They shouldn't be damaged in any case. If you didn't touch the file,
it's not going to be corrupted by anything other than a kernel bug.

OTOH, any directory that you modified can lose data.

> If hd spun down, and I loose half hour's typing, too bad. 

If the hard drive is spun down for half an hour, *ANY* block that was
modified is still in memory. This includes metadata, just like ext2.

Assuming that you don't journal to NVRAM or something. :)

> But I will type that in again. If the fs dies, I can't rewrite it from
> scratch. Of course, if the data I write is important enough, I can
> always save, and then issue a sync command.

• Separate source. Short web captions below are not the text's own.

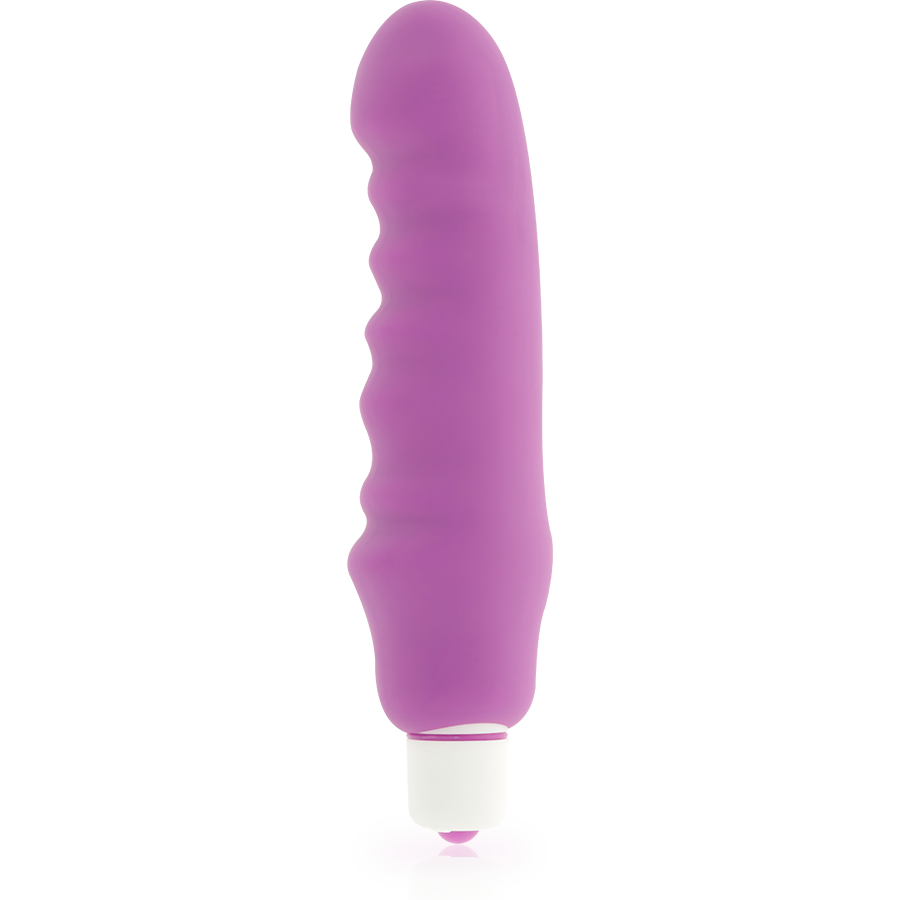 DOLCE VITA - GENIUS PURPLE SILICONE - Sensualia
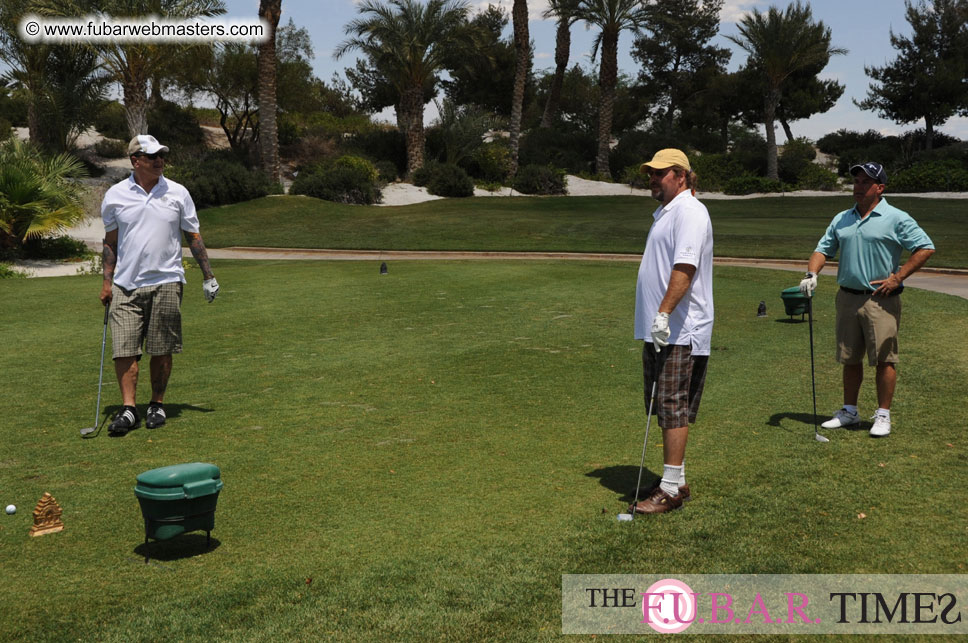 XBiz Golf Tournament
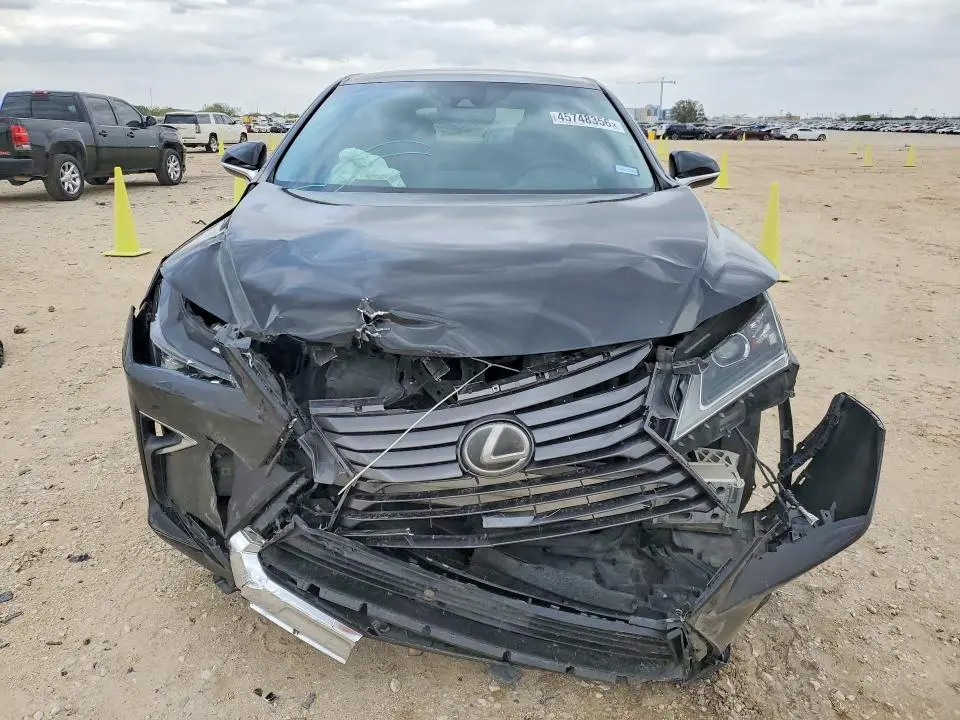 2018 LEXUS RX 350 BASE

Well, yes. If you defeat the five second journal sync in ext3, though,
and use something like noflushd or a high bdflush interval to keep data
in RAM, you lose the reliability.

Seriously, ext3 isn't magic. If you stop it writing data to the journal,
it is exactly as reliable as ext2.[1]

Now, if you use ext3 and block writes for half an hour, the journal will
give you an assurance that the data written half an hour ago is all on
disk. Of course, ext2 will give you exactly the same assurance.

So, ext3 will take less time to replay the journal than a full ext2 fsck
run, but that's it. No more assurance of anything. Really. 

> Ps: Am I right, and there's no Reply-To header?

The list doesn't add one, so far as I can tell,[2] and /I/ certainly
don't.

        Daniel

Footnotes: 
[1]  Actually, *less* reliable, because ext2 is much better tested code
     than ext3. Therefore, ext3 has a higher chance of having bugs and
     corrupting your data.

[2]  This is good, correct behavior.

-- 
In the attention economy, anyone trying to connect with an
audience must treat the user's time as the ultimate resource.